# Wondering if someone can identify or guess bloodline



## pitmommy2010 (Jul 29, 2010)

I have a 2yr old male red nose pit bull, know he;s full pit, you can tell by looking at him, we rescued him , so we have no history. i know the lines on my two other dogs, but need help identifying the other 2, lol. any guess would help, not that it;s really important, i just like to have as much info on my dogs as possible. thanks 


the other is my female, have no clue what she is ither, just guesses from someone smarter than me would be awesome!!!

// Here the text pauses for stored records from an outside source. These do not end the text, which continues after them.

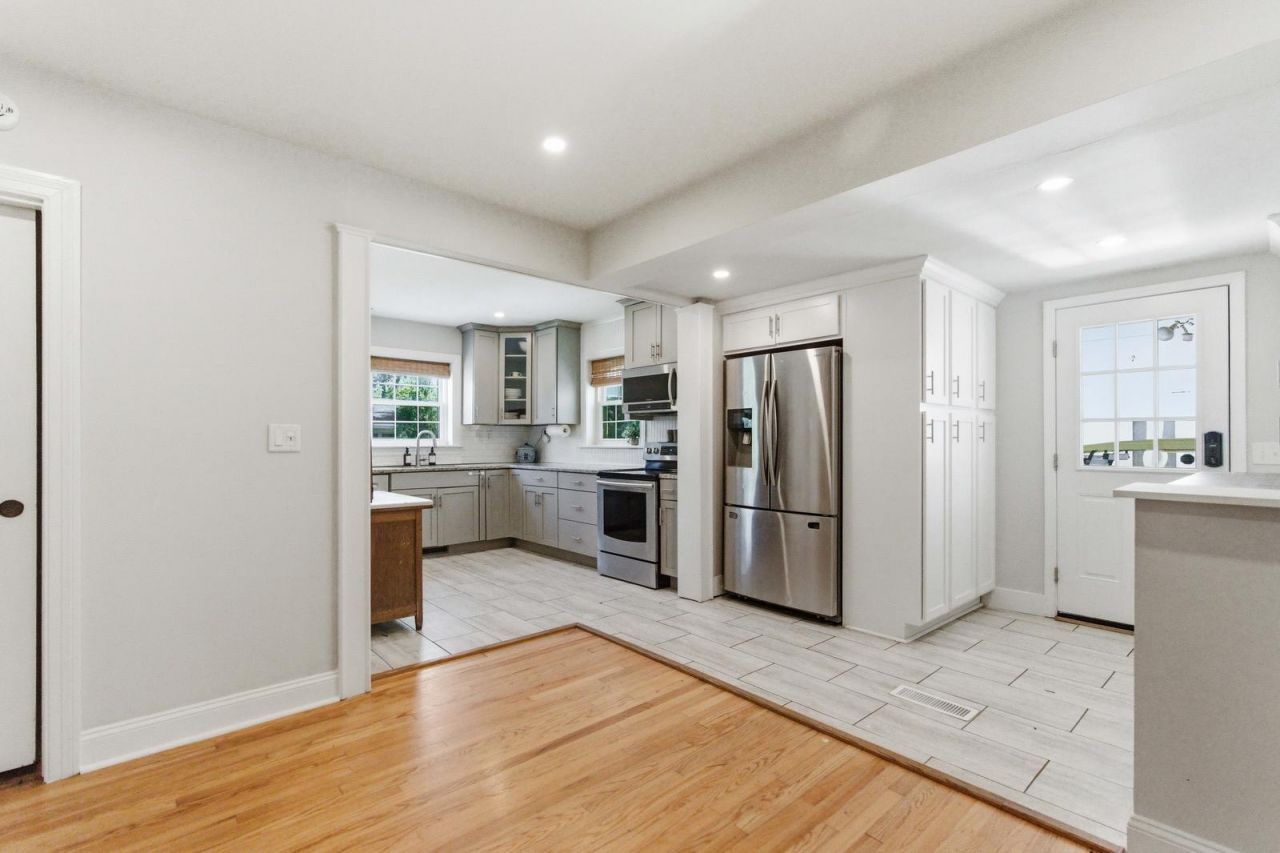 1259 Sunset Drive Photo 16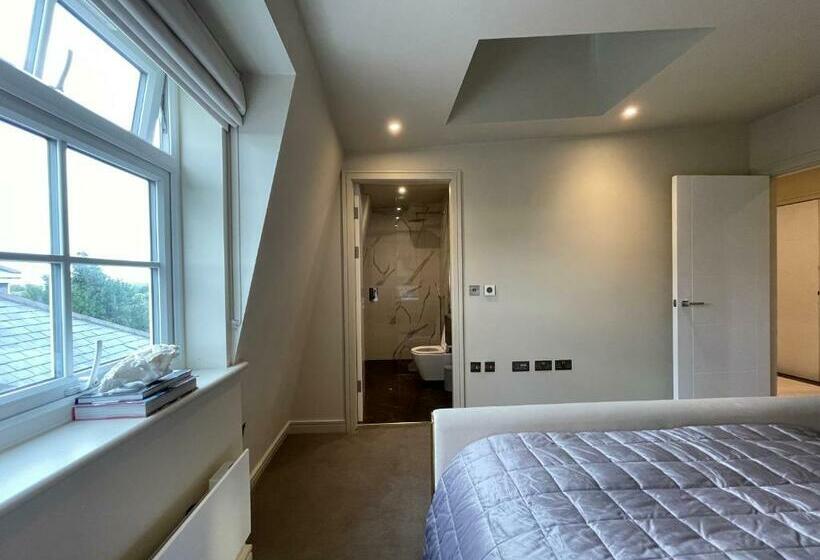 Luxurious, 2 Bed, 2 Bath Penthouse Apartment In Highly Desirable Chigwell Chcl F8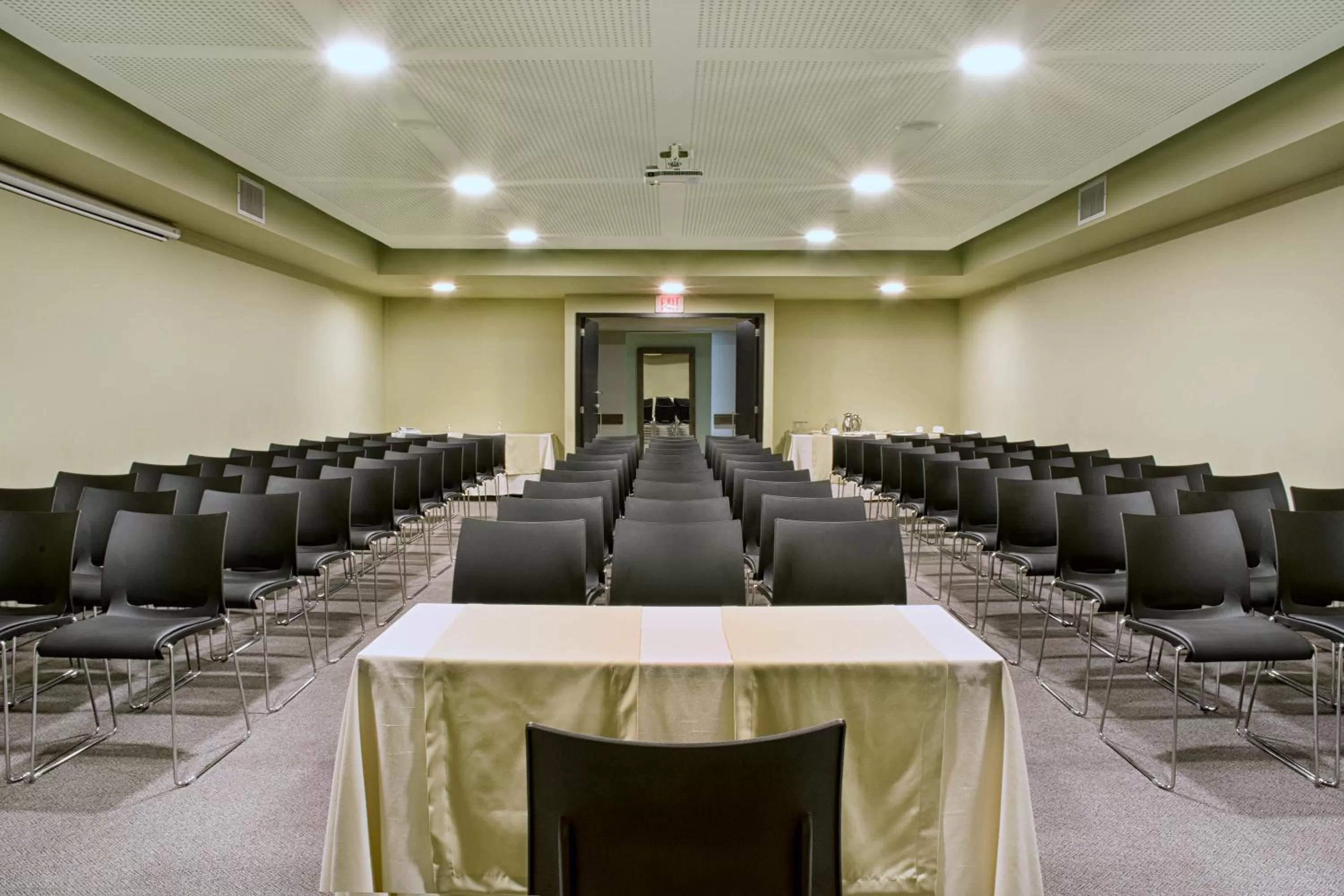 Business facilities in Movich Casa del Alferez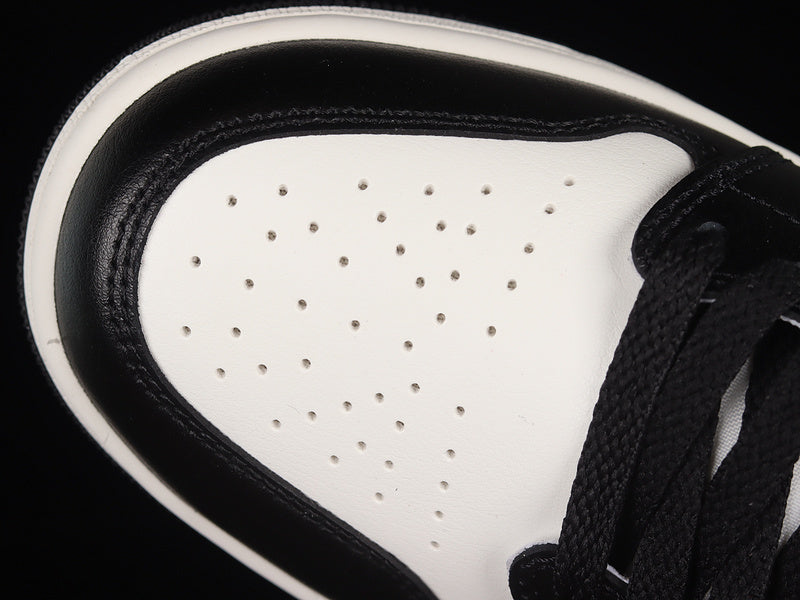 AJ1 Mid
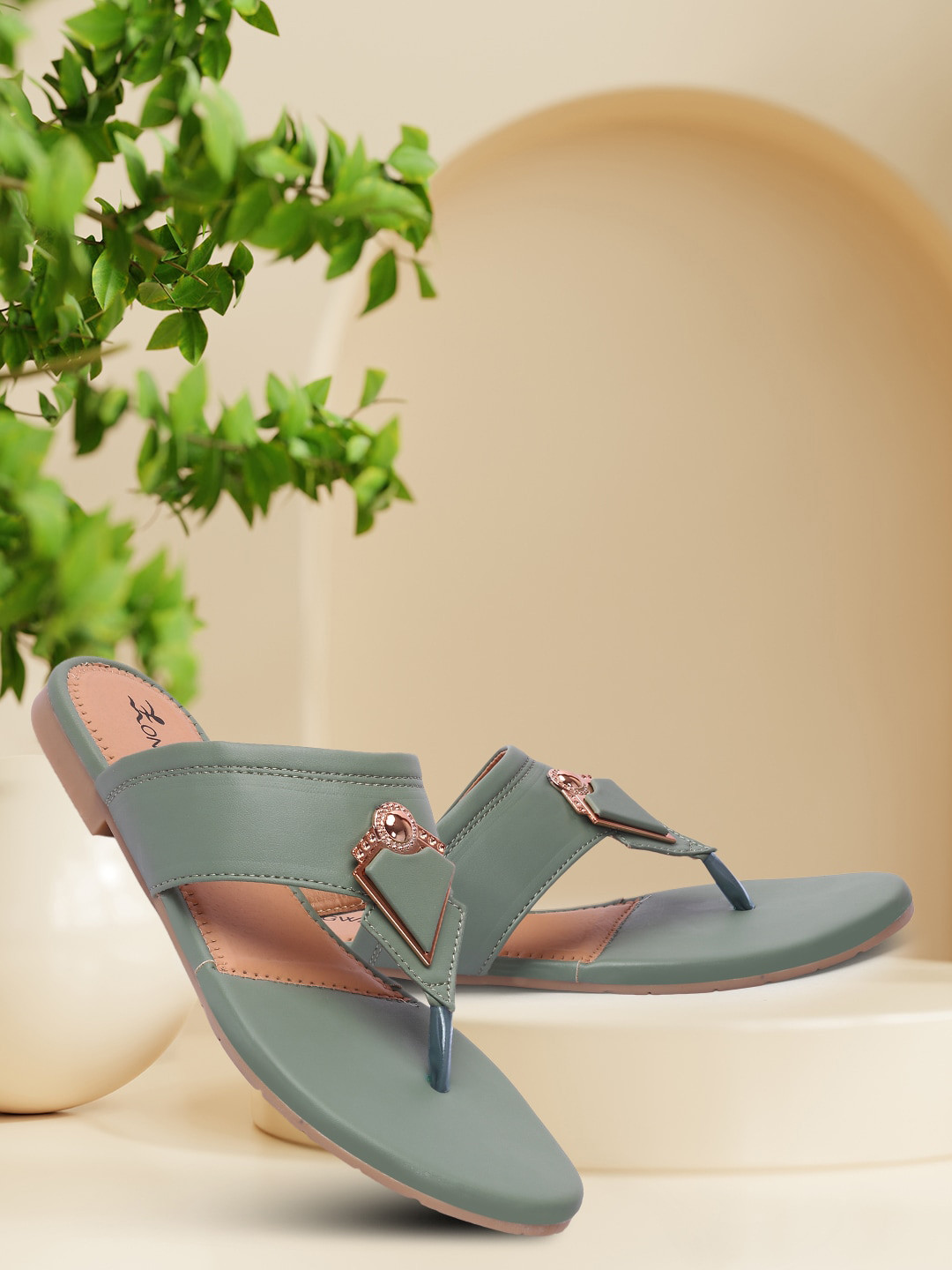 

Longwalk Women Green T-Strap Flats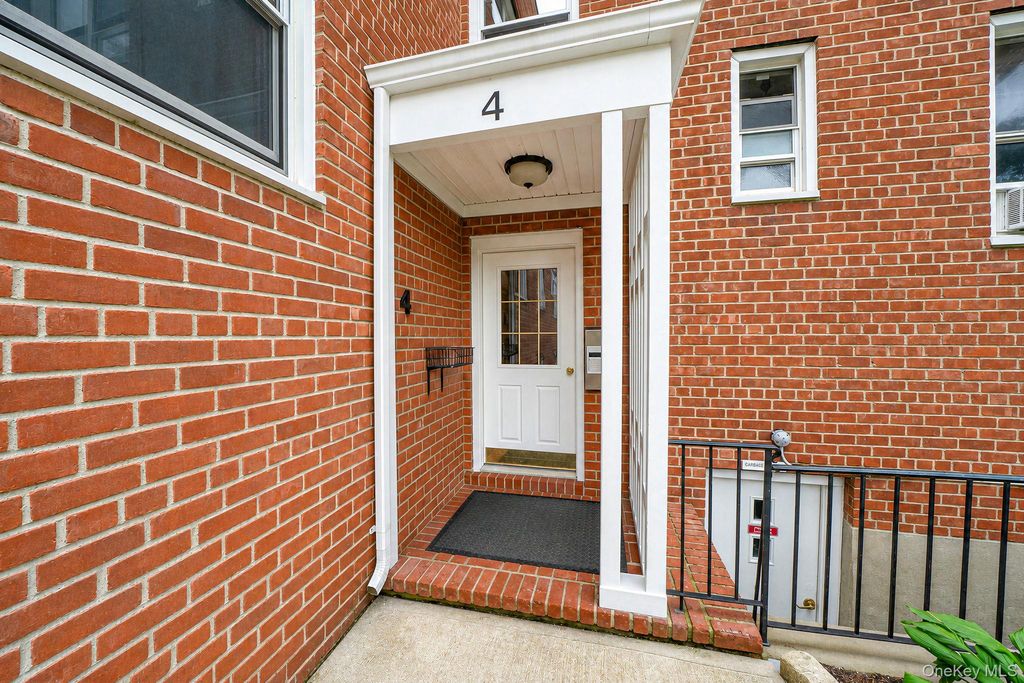 4 Edwards St 1E, Roslyn Heights, NY 11577 — photo 2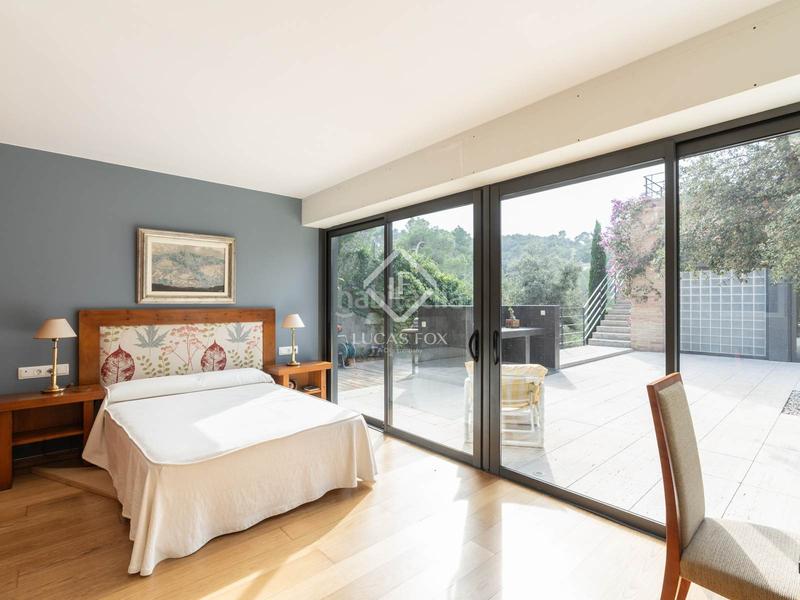 Foto 3caf8469-b2ec-4705-9d42-e6846a5694b4. Xalet amb calefacció aparcament piscina a La Floresta Sant Cugat del Vallès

(the 2 i know are TNT/razors edge and full razor, and i dont really see that in the other 2)


----------



## gamer (Feb 1, 2010)

The first one looks like he is apbt/american bull dog to me.


----------



## Black Rabbit (Nov 14, 2009)

I agree his face looks like he's got some AB in there. His face looks a lot like my old AB Mack Truck. They are both gorgeous dogs. How much does the white one weigh?


----------



## pitmommy2010 (Jul 29, 2010)

he weighs 65, thats an older pic, he's alot thicker now


----------



## pitmommy2010 (Jul 29, 2010)

heres a pic of his head up close, i dont think he looks like an ab here, cuz i thought that too origanally, then as he got older he grew out of it, so tell me what you think of this one


----------